→ **REQUIRED ACTION**
Every line from the one with "Kehebatan Bala Tentara" through the last line below should be repeated exactly; pictures stay out of the copy.
START INPUT MATERIAL
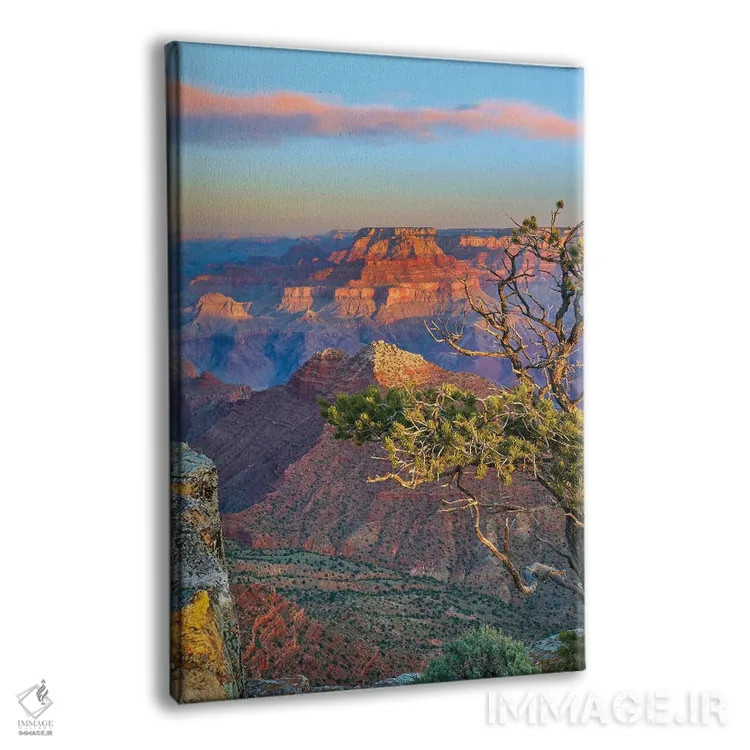 تابلو دکوراتیو Grand Canyon National Park, Arizona,گرند کنیون از نقطه تما… اثر تیم فیتزهریس - نمای پرسپکتیو محصول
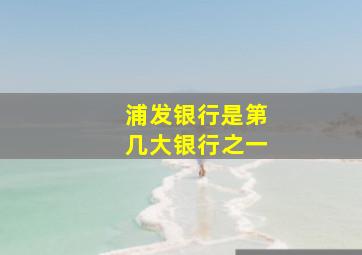 浦发银行是第几大银行之一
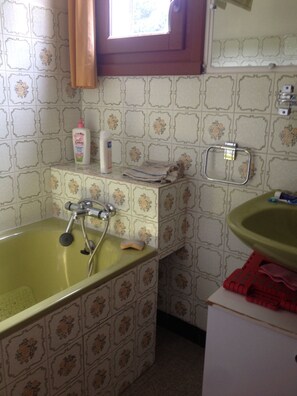 Bathtub, hair dryer, soap, toilet paper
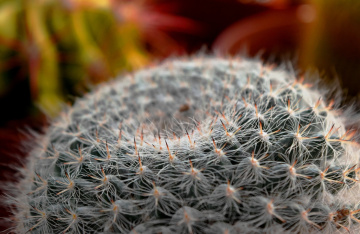 Beauty With Thorns  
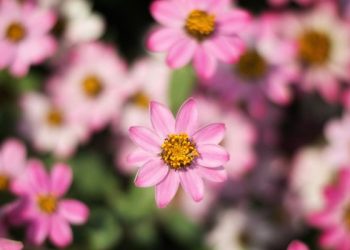 Kehebatan Bala Tentara Sulaiman Memindahkan Singgasana Balqis dalam Sekejap Mata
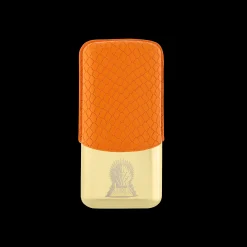 3 cigar case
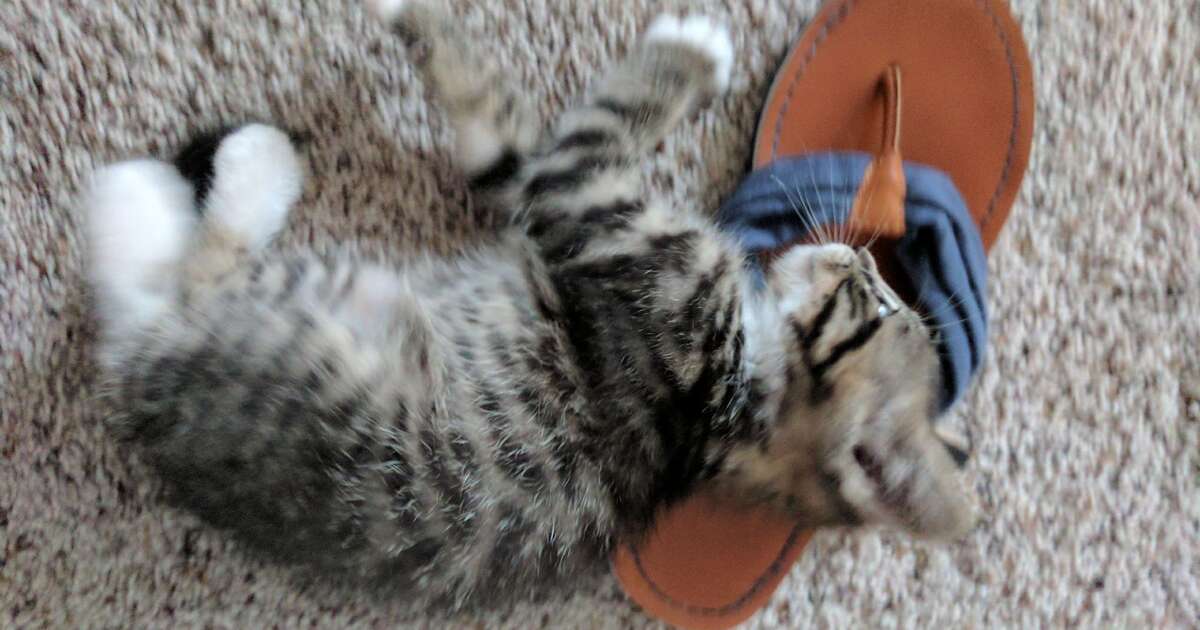 Rescue Kitten Loves Riding Around On Roomba In Hilarious Video - The Dodo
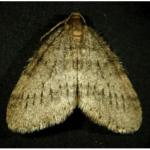 winter moth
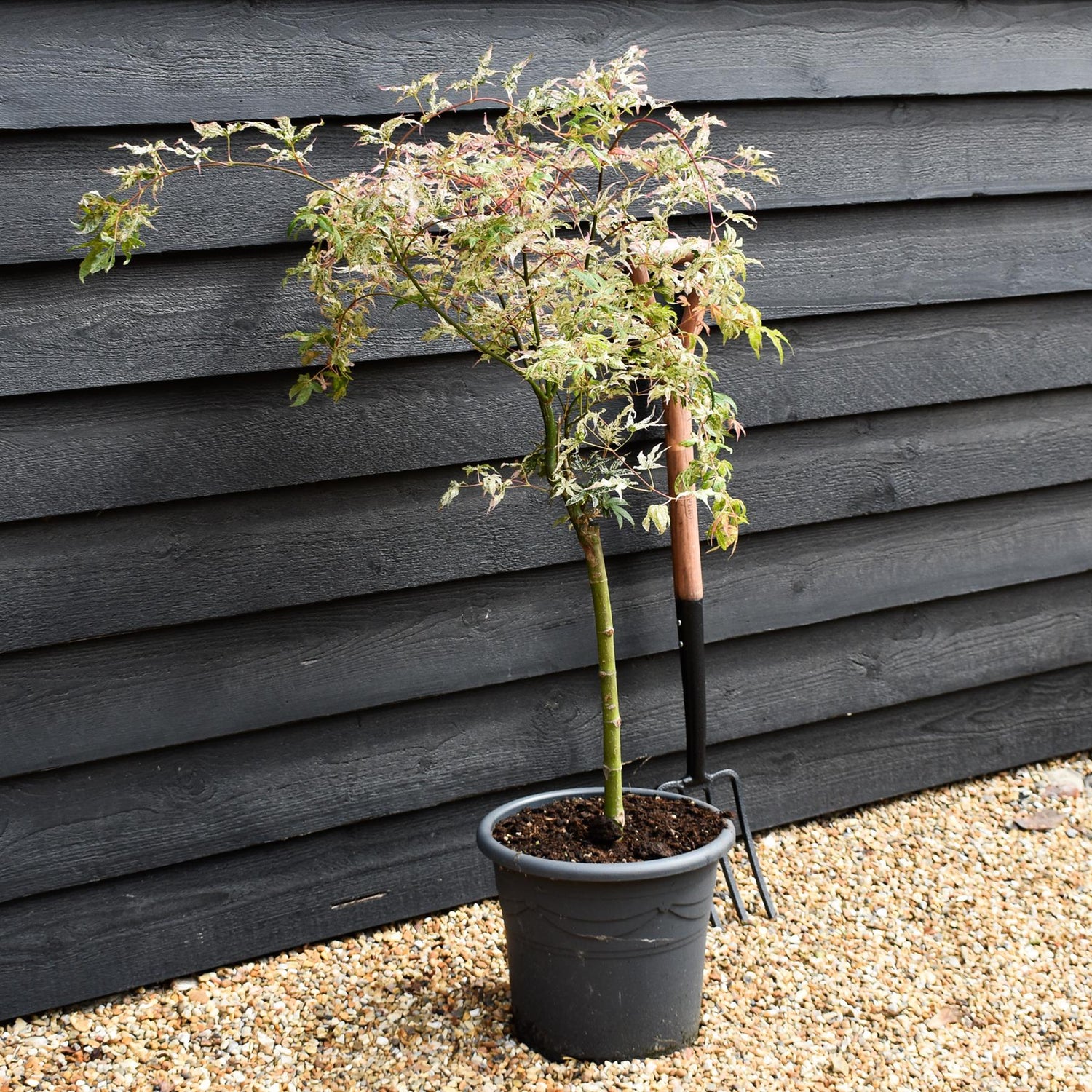 Acer palmatum 'Ukigumo' | Japanese Maple - Clear Stem 50cm - Height 70-100cm - 15lt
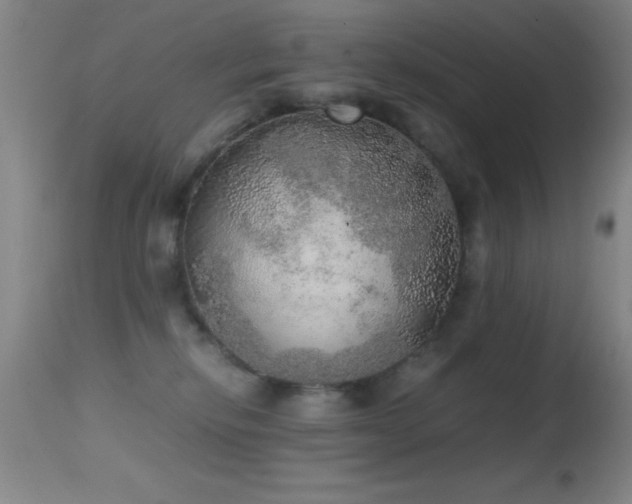 X0000114660278200910201537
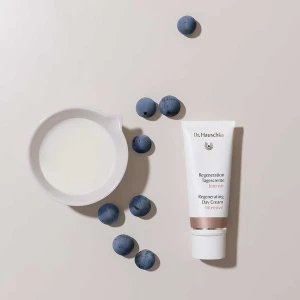 Dr Hauschka Regenerating Intensive Day Cream 40ml Dr Hauschka Regenerating Intensive Day Cream 40ml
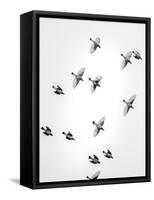 In the Sky 1-Design Fabrikken-Framed Stretched Canvas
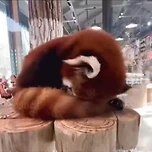 이러고 자는 이유까지 심각하게 귀여운 랫서판다 자는 포즈 이미지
END INPUT MATERIAL
→ **TASK OUTPUT**
 Kehebatan Bala Tentara Sulaiman Memindahkan Singgasana Balqis dalam Sekejap Mata
 3 cigar case
 Rescue Kitten Loves Riding Around On Roomba In Hilarious Video - The Dodo
 winter moth
 Acer palmatum 'Ukigumo' | Japanese Maple - Clear Stem 50cm - Height 70-100cm - 15lt
 X0000114660278200910201537
 Dr Hauschka Regenerating Intensive Day Cream 40ml Dr Hauschka Regenerating Intensive Day Cream 40ml
 In the Sky 1-Design Fabrikken-Framed Stretched Canvas
 이러고 자는 이유까지 심각하게 귀여운 랫서판다 자는 포즈 이미지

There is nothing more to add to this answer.